▶ DATA:
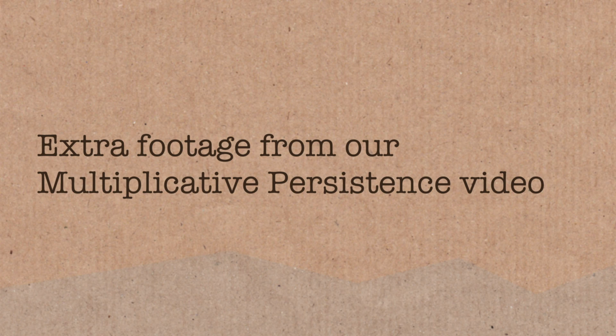I mean, I'm always one to give it a go. See if you can write some code, see if it does a clever search, and it would be a major breakthrough if someone could find a number with a multiplication persistence of 12.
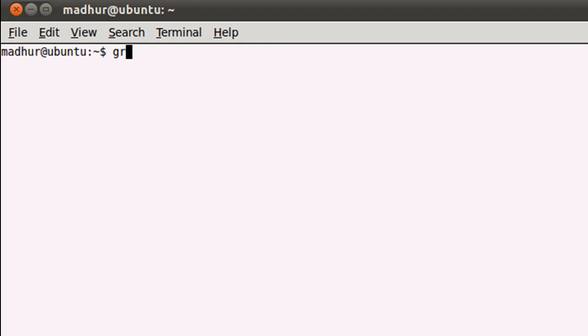Grep is spelled G-R-E-P, and it actually has a full form—I think it's called globally search a regular expression and print, or gradually search a regular expression and print. I don't know exactly what the full form is; maybe you can Google it and let me know. But that's not important—what's important is that we should know how to use it.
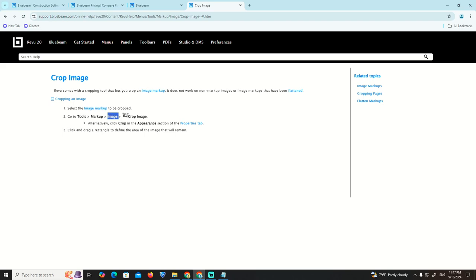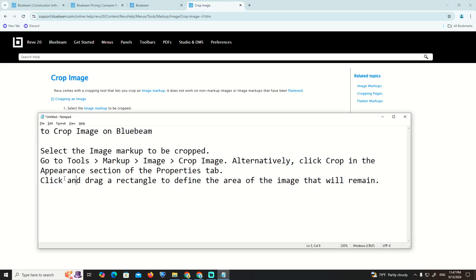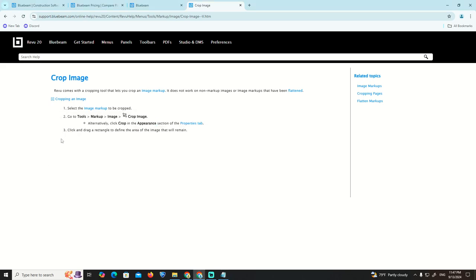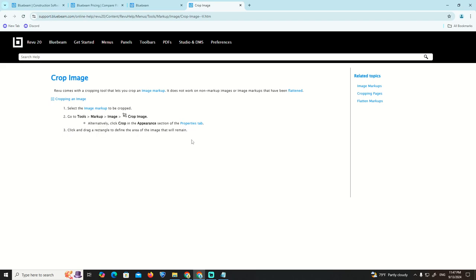Then click on Crop Image. To crop the appearance, click and drag the rectangle to define the area of the image that will be cropped. And that is all.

▶ ABOUT THIS EXERCISE:
Each line of the data should be printed again exactly. Please leave pictures out.

▶ EXERCISE RESULT:
I mean, I'm always one to give it a go. See if you can write some code, see if it does a clever search, and it would be a major breakthrough if someone could find a number with a multiplication persistence of 12.
Grep is spelled G-R-E-P, and it actually has a full form—I think it's called globally search a regular expression and print, or gradually search a regular expression and print. I don't know exactly what the full form is; maybe you can Google it and let me know. But that's not important—what's important is that we should know how to use it.
Then click on Crop Image. To crop the appearance, click and drag the rectangle to define the area of the image that will be cropped. And that is all.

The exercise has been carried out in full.